SpeakerEric Sanlaville

Robust approaches for scheduling under uncertainties: the RobOCoop project and its relevance for grid computing

This presentation will begin with a short overview of scheduling under uncertainties: application domains and uncertainty sources, typology of methods. It will then focus on the RobOCoop project, labelled in 2008 by the french agency ANR . This project, Robustness and Cooperation in Scheduling, has four partners: the french research laboratories LI Tours, LAAS Toulouse and LITIS Le Havre, and the ILOG-IBM enterprise (ILOG scheduler team). It aims at studying the robust and cooperative approaches in all relevant domains of scheduling under uncertainties, mainly project scheduling, shop scheduling, grid scheduling. One important statement is that in many cases, a form of cooperation will prove useful, or even unavoidable to take uncertainties into account.

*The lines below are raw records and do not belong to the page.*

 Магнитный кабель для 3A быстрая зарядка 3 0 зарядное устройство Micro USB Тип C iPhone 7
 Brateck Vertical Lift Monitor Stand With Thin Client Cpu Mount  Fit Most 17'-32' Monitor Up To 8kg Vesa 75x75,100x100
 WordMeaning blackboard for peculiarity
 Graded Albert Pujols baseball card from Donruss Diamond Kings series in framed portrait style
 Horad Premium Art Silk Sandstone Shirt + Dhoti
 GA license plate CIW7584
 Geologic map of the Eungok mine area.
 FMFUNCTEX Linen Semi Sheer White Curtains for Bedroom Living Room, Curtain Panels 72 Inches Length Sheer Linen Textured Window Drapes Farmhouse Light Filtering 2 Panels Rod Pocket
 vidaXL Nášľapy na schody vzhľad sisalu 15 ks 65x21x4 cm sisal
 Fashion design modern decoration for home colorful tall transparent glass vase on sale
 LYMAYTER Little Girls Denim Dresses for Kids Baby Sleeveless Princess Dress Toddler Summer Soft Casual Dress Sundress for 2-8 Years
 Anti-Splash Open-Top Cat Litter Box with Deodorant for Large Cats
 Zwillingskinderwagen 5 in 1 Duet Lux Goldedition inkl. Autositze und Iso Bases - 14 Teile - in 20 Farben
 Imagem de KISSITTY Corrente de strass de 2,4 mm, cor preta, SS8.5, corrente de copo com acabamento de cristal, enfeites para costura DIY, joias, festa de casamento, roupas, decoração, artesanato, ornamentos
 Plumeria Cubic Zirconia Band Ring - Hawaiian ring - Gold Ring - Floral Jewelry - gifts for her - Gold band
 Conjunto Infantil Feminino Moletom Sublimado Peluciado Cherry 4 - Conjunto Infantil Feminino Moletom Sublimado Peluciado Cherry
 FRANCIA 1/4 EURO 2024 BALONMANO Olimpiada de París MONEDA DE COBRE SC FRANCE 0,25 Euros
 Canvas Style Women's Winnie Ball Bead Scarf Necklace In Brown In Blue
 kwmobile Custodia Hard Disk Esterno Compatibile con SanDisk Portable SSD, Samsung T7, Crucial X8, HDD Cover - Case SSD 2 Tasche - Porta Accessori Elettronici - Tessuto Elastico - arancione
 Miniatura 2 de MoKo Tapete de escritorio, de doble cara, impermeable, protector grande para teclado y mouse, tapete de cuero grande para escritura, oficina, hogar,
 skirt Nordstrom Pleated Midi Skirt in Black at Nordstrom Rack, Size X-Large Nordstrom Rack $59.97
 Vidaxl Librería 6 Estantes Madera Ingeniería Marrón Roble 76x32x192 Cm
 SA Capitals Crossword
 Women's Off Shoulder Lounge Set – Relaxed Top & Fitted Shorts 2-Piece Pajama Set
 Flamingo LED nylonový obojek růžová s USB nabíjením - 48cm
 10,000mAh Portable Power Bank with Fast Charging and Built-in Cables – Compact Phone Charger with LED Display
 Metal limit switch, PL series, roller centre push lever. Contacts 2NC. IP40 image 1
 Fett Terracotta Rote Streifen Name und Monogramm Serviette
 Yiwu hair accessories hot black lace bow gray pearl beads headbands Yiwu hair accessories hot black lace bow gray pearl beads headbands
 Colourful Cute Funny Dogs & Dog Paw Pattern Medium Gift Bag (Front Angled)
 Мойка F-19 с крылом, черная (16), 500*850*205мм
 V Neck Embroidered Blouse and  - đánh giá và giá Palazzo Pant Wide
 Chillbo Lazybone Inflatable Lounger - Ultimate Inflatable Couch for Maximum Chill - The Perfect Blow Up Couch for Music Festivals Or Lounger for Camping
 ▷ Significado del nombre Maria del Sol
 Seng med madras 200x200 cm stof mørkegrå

The concrete objective of the project is to design, build and deliver to the international research community an evaluation tool of scheduling methods. The presentation will focus on some critical aspects of the design of the tool: general software architecture, design of specific benchmark, performance indicators. In the case of grid scheduling, some specific characteristics will be emphasized, concerning the production grid [1]. The need for a cooperative approach will be stressed. The problem can be seen as a dynamic load balancing problem; some approaches will be shortly discussed.

[1]: J.-C. Billaut, A. Moukrim, E. Sanlaville (editors). Flexibility and Robustness in Scheduling. ISTE and Wiley publishers (Control Systems, Robotics and Manufacturing Series).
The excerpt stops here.